While I didn’t buy any wines at the Natural Theory Selection tasting on the actual day (I will likely pick up some of the Lucy Margaux Pinot Noir in a few days), I did buy a few odds and ends. I mentioned to my wine merchant my misgivings about Natural Wine in general as being perhaps not exactly to my tastes. He looked at the wine I had brought to the counter to purchase and asked “but you’re going to drink these?”
The wine for today is the Domaine André et Mireille Tissot Arbois Sélection 2008, a vin juane, or yellow wine, from Jura, France. This is a region and a type of wine that was strangely not covered in the WSET Diploma course, so I’m looking things up as I go along. First, Jura itself. It’s a section of France in the east of the country, roughly in the middle as far as north/south goes. It’s essentially the wine region between Burgundy and Switzerland, so continental on the cold end of the spectrum. It also has altitude as it is nestled against the Alps.
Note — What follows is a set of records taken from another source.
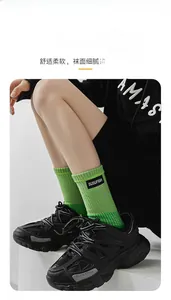 Détail de chaussettes en coton côtelé vert vif avec étiquette et baskets compensées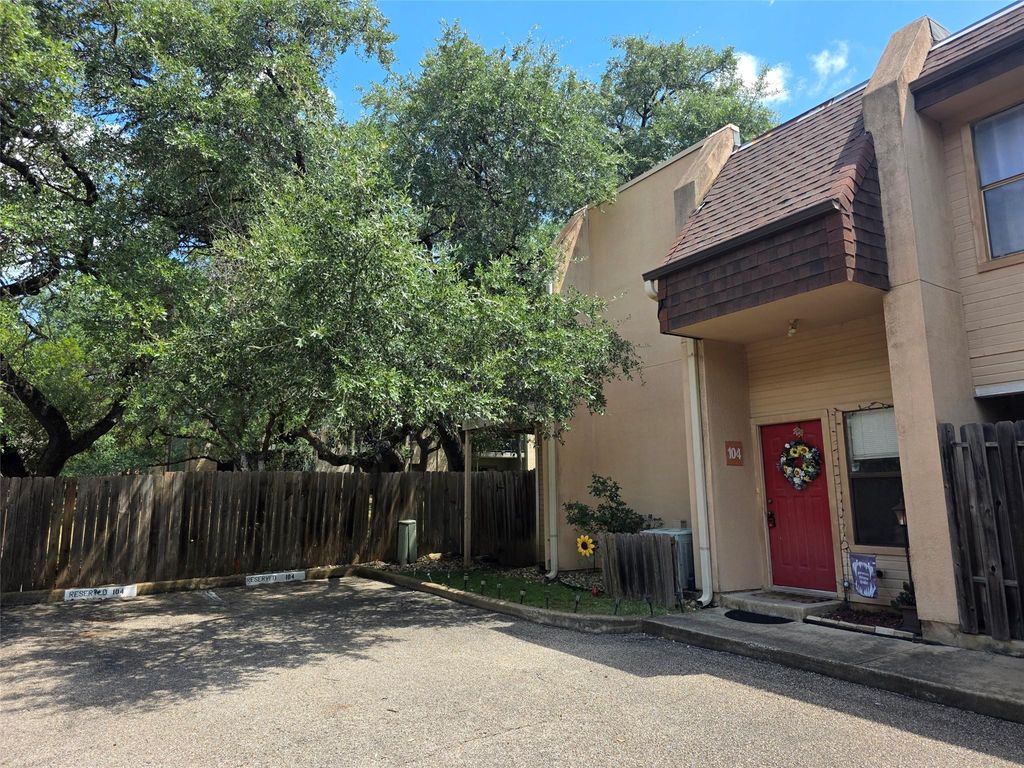 8418 Fathom CIR A-104, Austin, TX 78750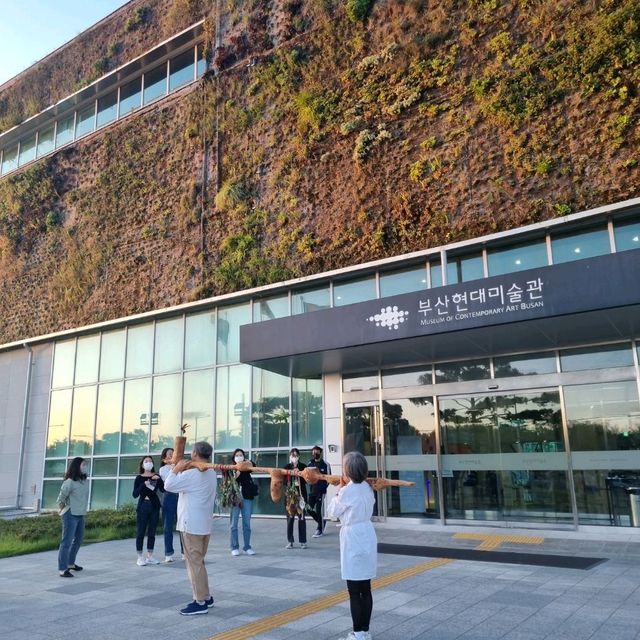 2022 부산비엔날레 보러가기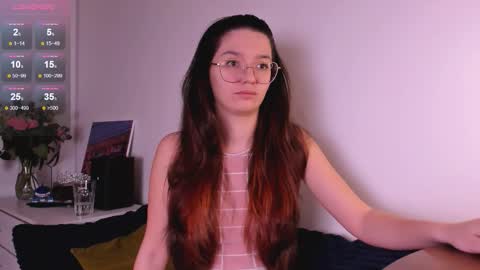 Snapshot of miabellee_ chatting on 12/21/25, 01:02 mia online show from 12/21/25, 01:02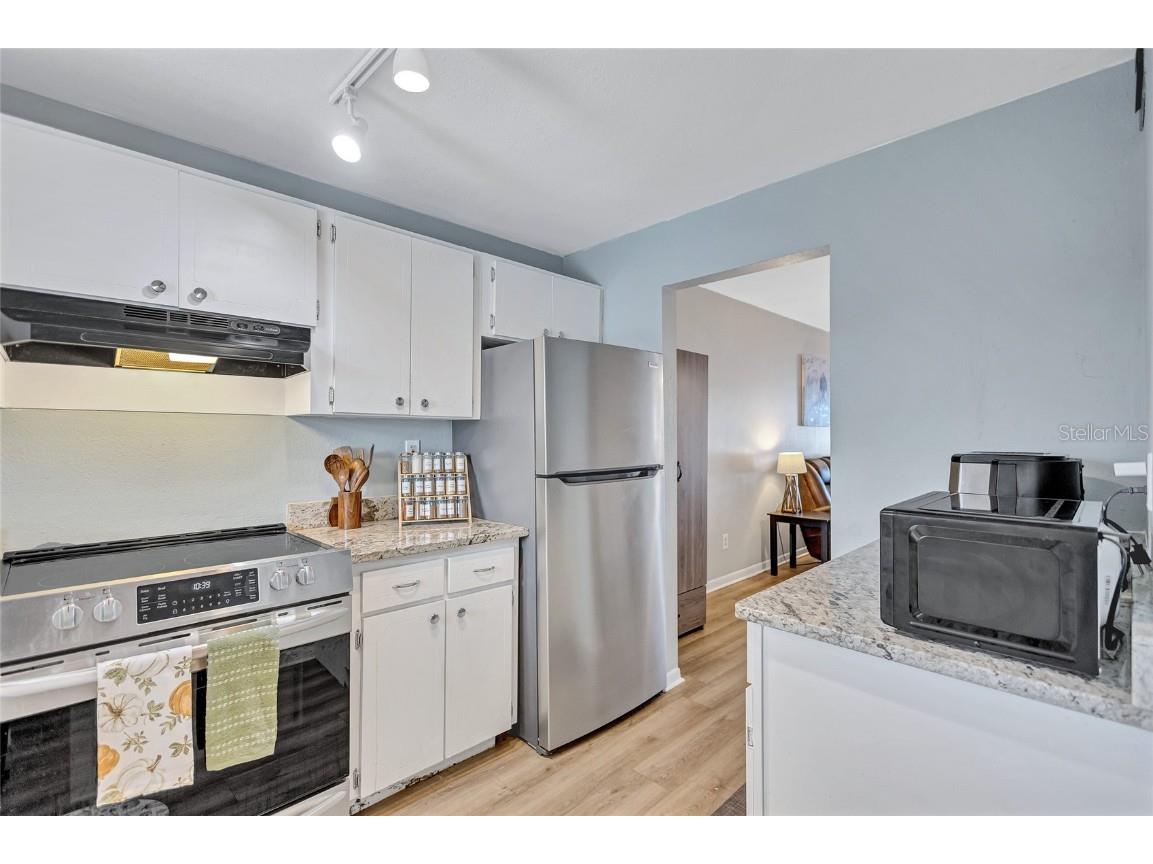 3125 36th Street N #208 Saint Petersburg FL 33713 TB8421568 image4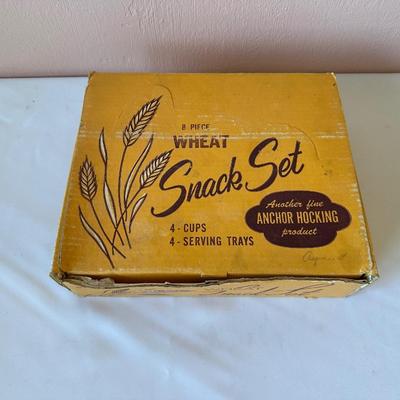 8 - PIECE ANCHOR HOCKING SNACK SET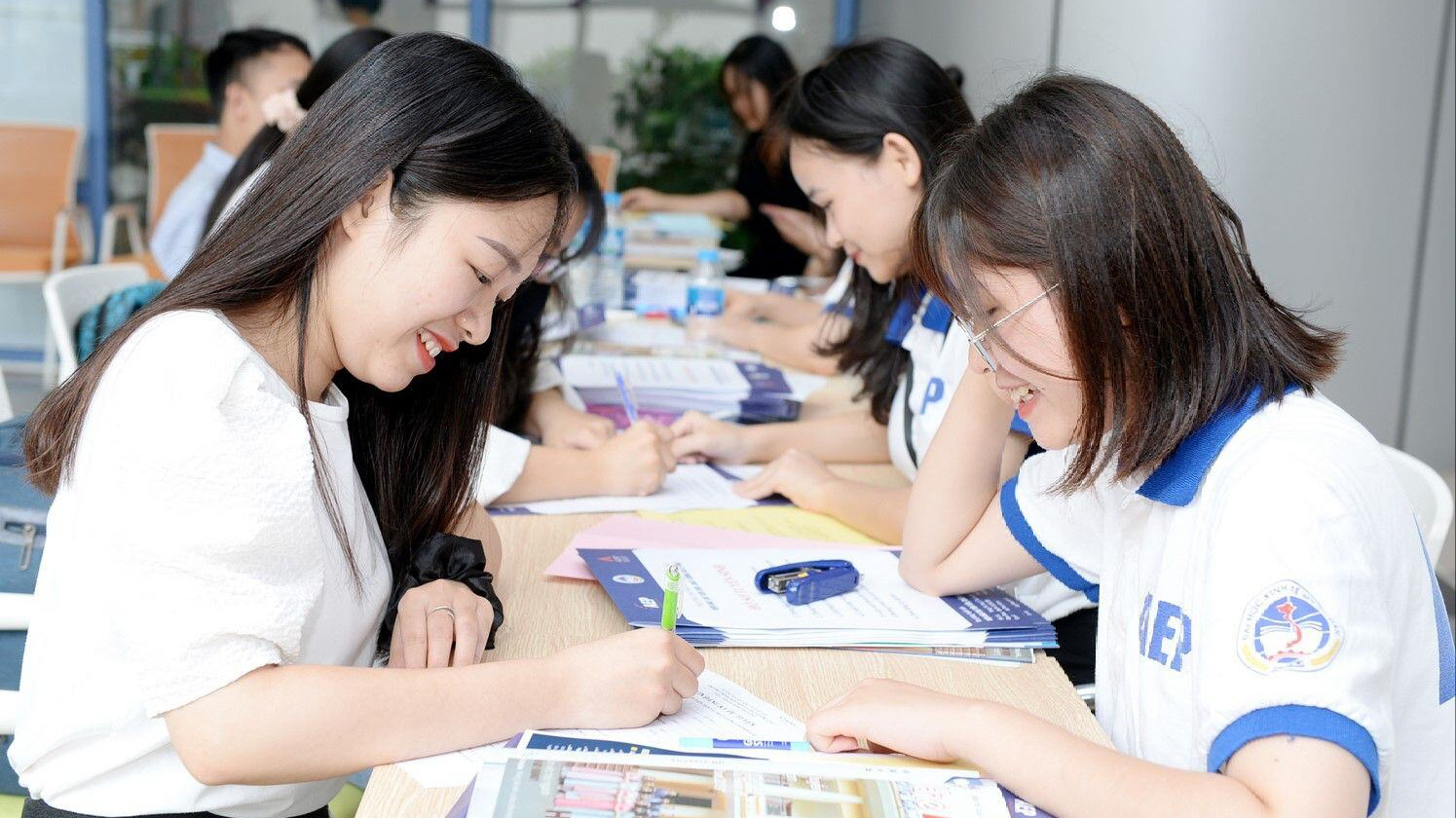 Các nhân tố ảnh hưởng đến việc hình thành ý tưởng khởi nghiệp của sinh viên khối ngành Cwin.com giải trí hiện đại và Quản trị kinh doanh
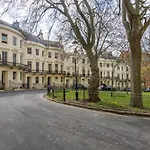 2 Bedroom Cosy Apartment, Powis Square - Brighton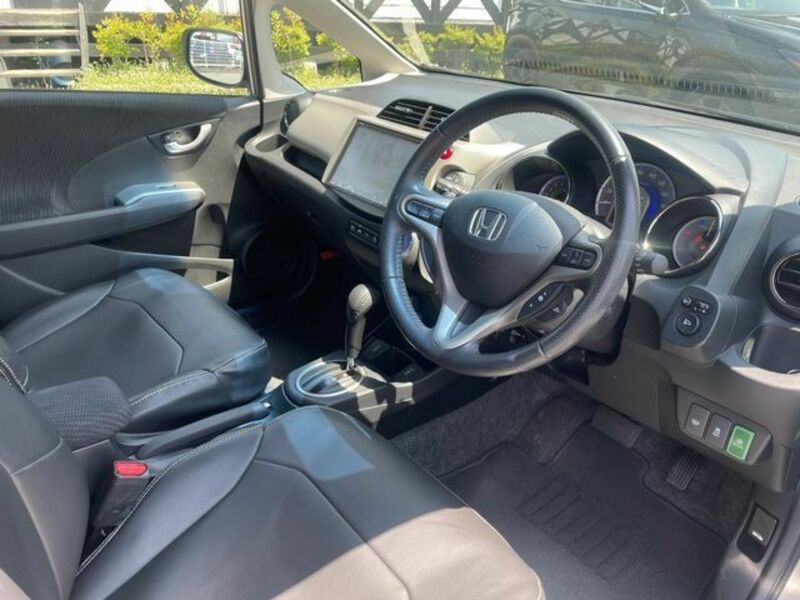 FIT HYBRID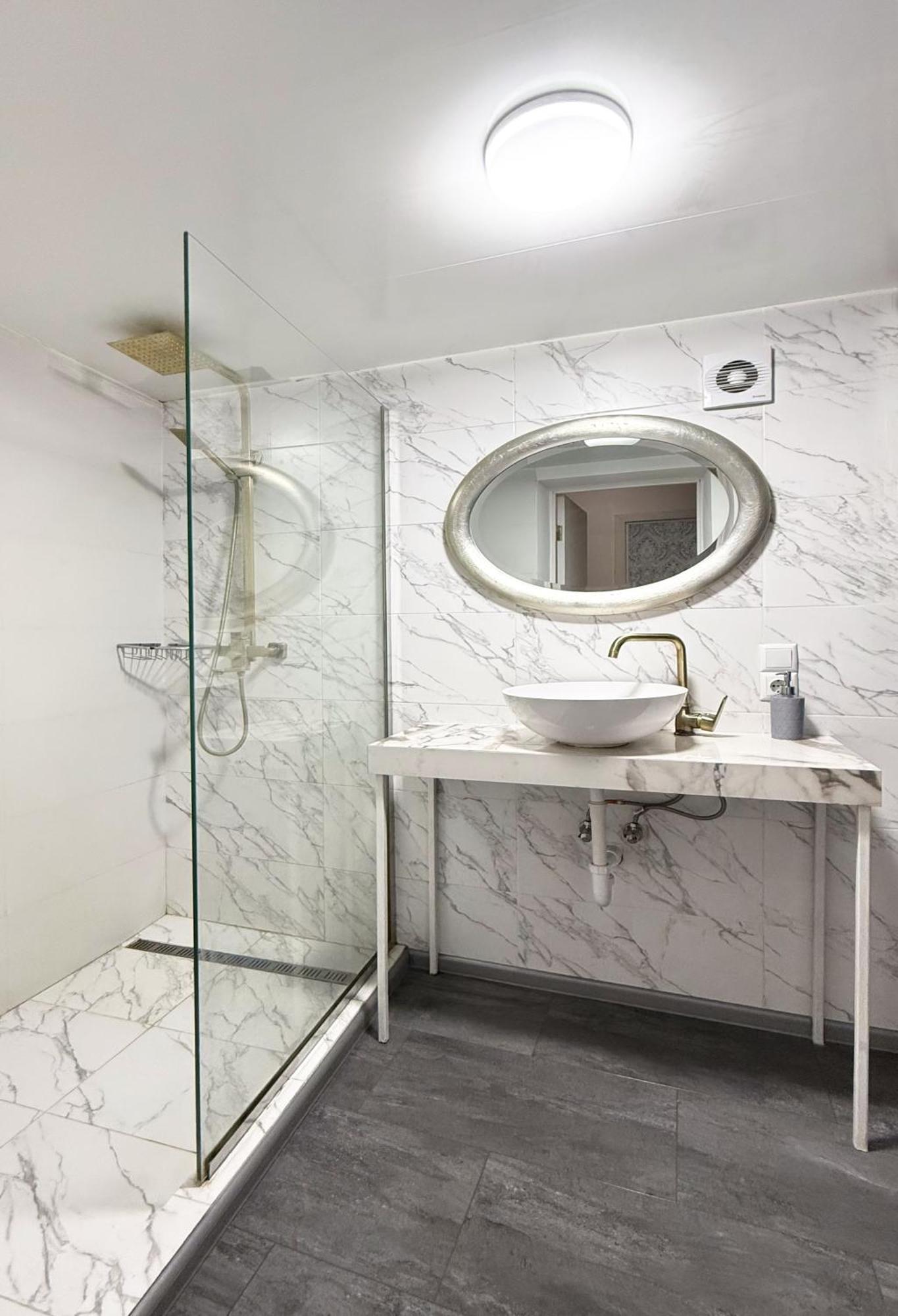 Teodora Square Apartments Площа Святого Теодора Lwów Zewnętrze zdjęcie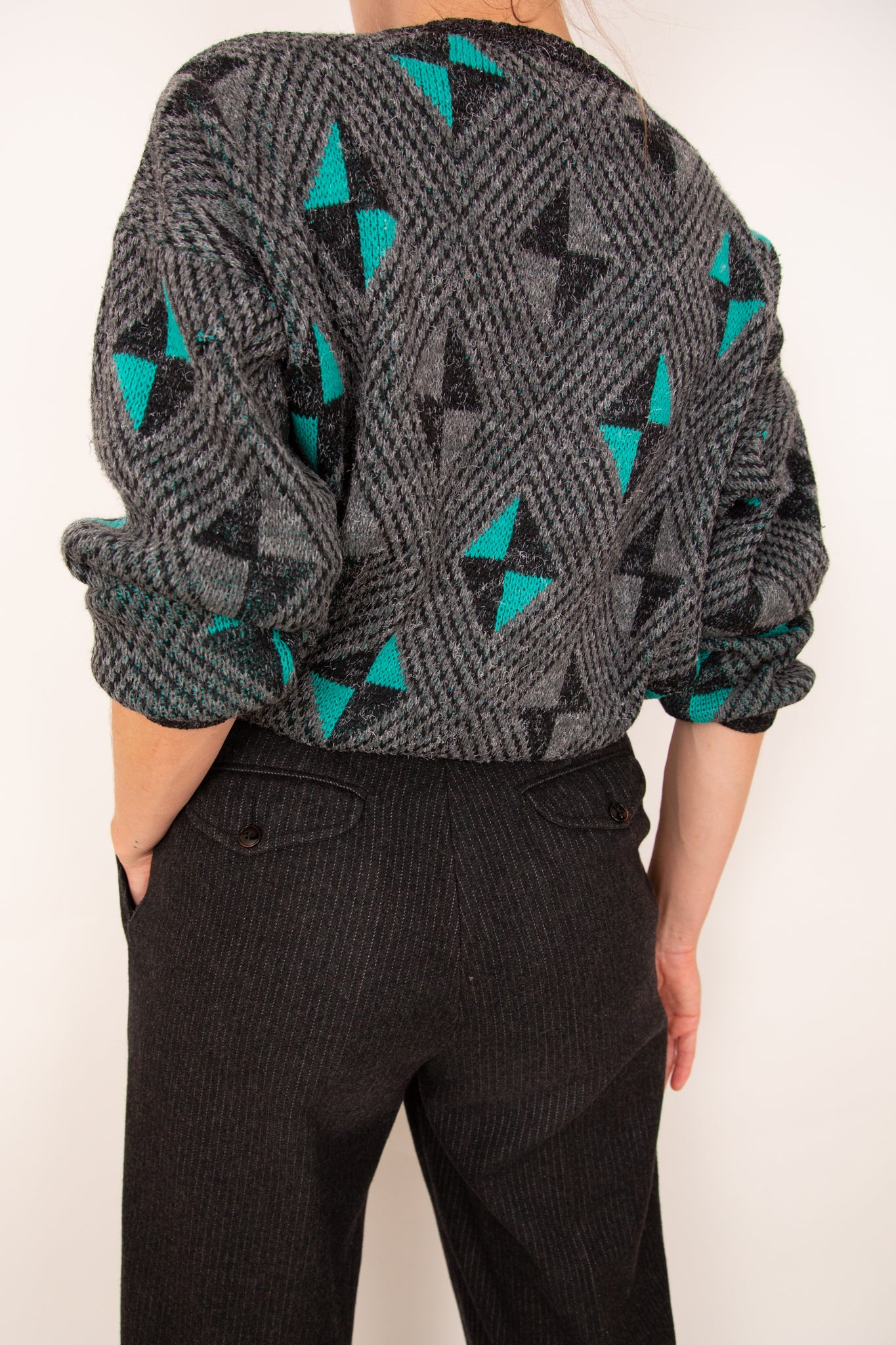 Pull col rond gris noir et turquoise 38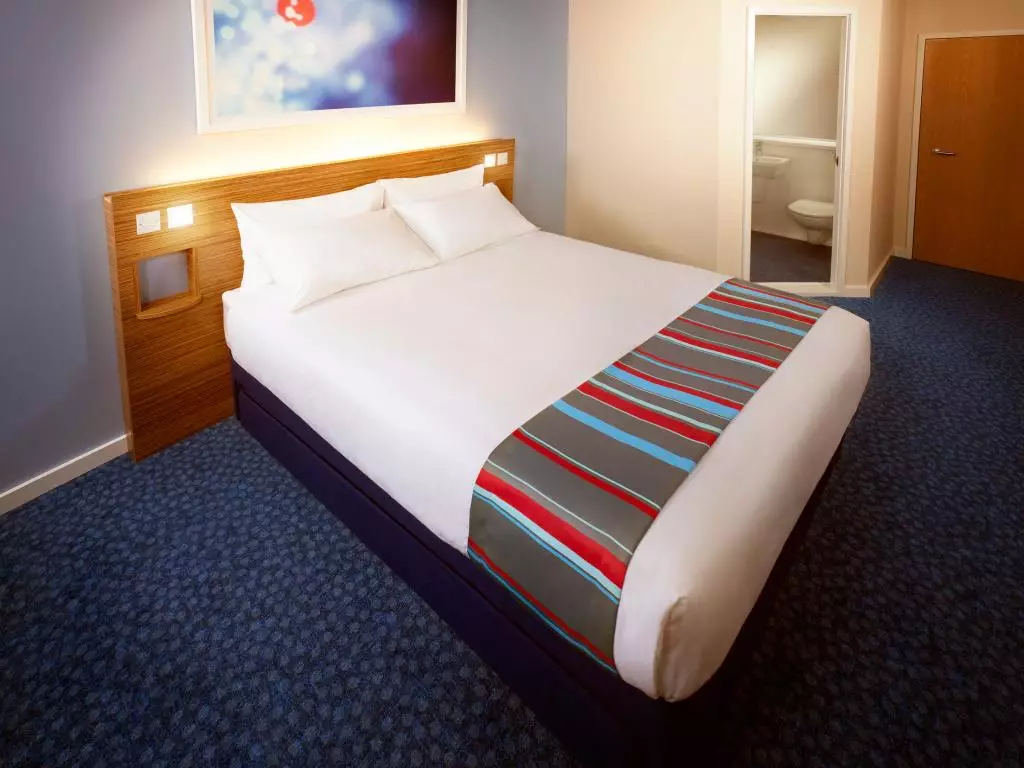 هتل Travelodge Loughborough Central Loughborough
Jura makes a few different types of wine, but the style for which it is best known is this one, the vin jaune. It’s similar style to Sherry in a number of ways. The grapes used vary, but Savagnin is typical, though Chardonnay is used as well, and grapes tend to be picked late. Also, vin jaune is not fortified. However, it is like Sherry in that the wine is oxydatively handled, meaning barrels are not filled to the bung, though the growth of a yeast on the surface is encouraged which does provide some protection. The flavours and aromas that develop tend toward nutty, and the colour can go to a deep golden yellow. It’s meant to age particularly well, so this 2008 is undoubtedly being consumed too soon.
Domaine André et Mireille Tissot produces a range of whites, mostly from Arbois, though one or two from Côtes du Jura as well, and they use Savagnin, Traminer and Chardonnay, as varietals and in blends. I had not heard of them before buying this bottle, but they’re proponents of Biodynamic Viticulture, about which, like Natural Wine, I have some serious reservations. A post for another time.
So this wine in particular is a 70% Chardonnay / 30% Savagnin blend, with 9 months of oak with topping up, and then 15 months without. It does have a golden yellow colour that in other wines would suggest much more ageing than the label of this one suggests. The nose is nutty, very like a Fino Sherry, though with some spice and a bit of honey. On the palate, the promised nuttiness is there, but also some apple and pear. It almost reminds me of a cider, a dry one that is, and it’s very distinctive. A wine of an unfamiliar style, but to my nose and palate a well made one.
One note that I must make, but which feels like a weird thing to express, is that this wine is hard to drink, or rather it’s hard to drink more than a glass. Coming from me, that is a weird thing to say, as I not only love drinking just about everything there is to drink, I also tend to prefer to drink more rather than less. This bottle lasted two days, with two people having a try on both nights. People use the expression “easy drinking” for all manner of wines, but this I would have to put in the “challenging drinking” category.
Please don’t get me wrong – this is a very good wine, and I have enjoyed drinking it, but it does not lend itself to quaffing. It demands your full attention and must be taken seriously. It induces something of a pucker on the finish, which while not actively discouraging you to take another sip, requires one to be a bit more measures in the time between sips than a more welcoming wine might.